Next, we summarize the main findings obtained from our experimental analysis:

  1. Semantic vector dimensionality: The semantic vectors of our approach are high dimensional, a common byproduct of frequency-based features. For 20-Newsgroups, applying dimensionality reduction with a static concept-wise frequency threshold set to 20, allows for restricting the vector length by $61 \%$ , while retaining $99.36 \%$ of the top accuracy score (Table  5). For Reuters, the optimal performance (excluding the hypernymy propagation) stays the same at a $61.5 \%$ size reduction (Table 10). On the other hand, dimensionality reduction with the 50 most frequent concepts is evidently too extreme, and the resulting fixed-length vectors cannot be used as substitutes to equal-length word embeddings. This is in line with the next observation which states that replacing the embedding vector entirely rather than augmenting it consistently deteriorates the classification performance, at least for the datasets and semantic resources we consider. Notably, in this dimensionality reduction scenario—and contrary to the results of both the main and concept-wise thresholded experiments—TF-IDF weights outperform the raw frequency vectors. This probably suggests that TF-IDF is important for semantic frequency-based features, but only at very extreme dimensionality reductions. These findings show that the semantic vector-space features like the ones employed by our approach can be rather noisy, despite representing high-level information. Even though frequency-based concept-wise thresholding works well in our evaluation, both truncation schemes warrant further investigation (e.g., in the context of hypernymy activation propagation and context embedding configurations). It is also interesting to explore the effect of more sophisticated methods for dimensionality reduction on the enriched data produced by our pipeline.
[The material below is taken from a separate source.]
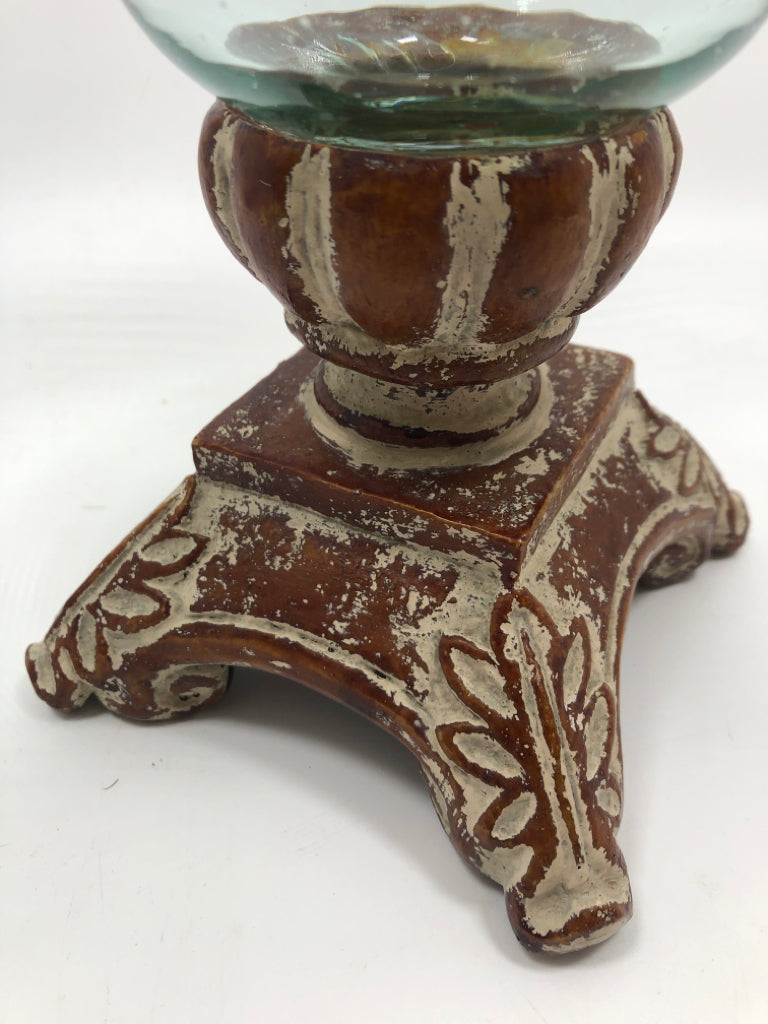 WHITE WASHED WOOD BASE W/GLASS CANDLE HOLDER.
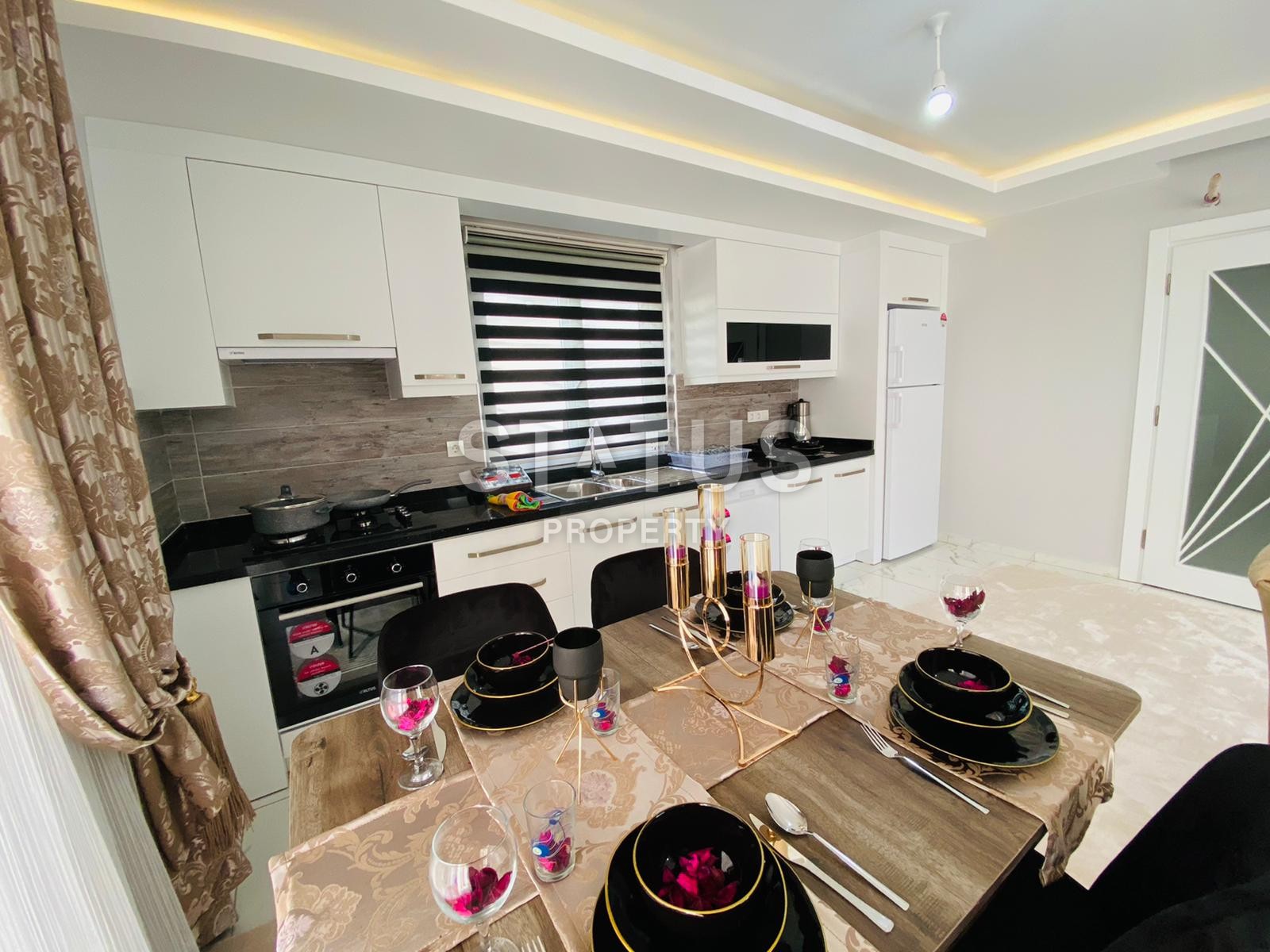 Трехкомнатная квартира с мебелью с большой террасой, 120 м2 фото 22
  2. Replacement versus concatenation: The experimental results over both datasets indicate a considerable performance difference between replacing the word embedding with the semantic vector and concatenating the two. The latter consistently outperforms the former, demonstrating that WordNet-based concept information is less important than the distributional and statistical properties that are captured by the word embeddings. This finding carries over to macro-averaged F1-score results for the 20-Newsgroups dataset, but does not apply to the Reuters dataset, where replacing the word embedding yields the best macro-averaged score. This is an interesting divergence from the behavior in 20-Newsgroups that is possibly explained by the very large class imbalance of Reuters. This means that the semantic concept-based features probably provide useful information for underrepresented cases that are inadequately covered by the embedding training. In other words, the concept-based information, which can be readily extracted from a semantic resource, is more suitable for representing minorities (i.e., under-sampled classes), counterbalancing the lack of a critical mass of data that is required by embeddings. This hypothesis is reinforced by the comparison of our approach with vectors pre-trained on very large corpora, as discussed below (Section 4.3).

  3. Using raw concept frequencies versus TF-IDF scores: The experimental results over the 20-Newsgroups dataset contradict previous knowledge about the relationship of token-based weighting schemes, when applied on lexical terms (e.g., words/sentences/documents). There, discounting common terms consistently boosts the performance on the task at hand. Yet, the inverse relationship manifests itself in the world of concepts, with TF-IDF weights always underperforming the raw frequency vectors in terms of accuracy. It would be interesting to examine information gain measures on such concept-based features as an alternative method toward identifying the most suitable concepts for augmenting classification performance.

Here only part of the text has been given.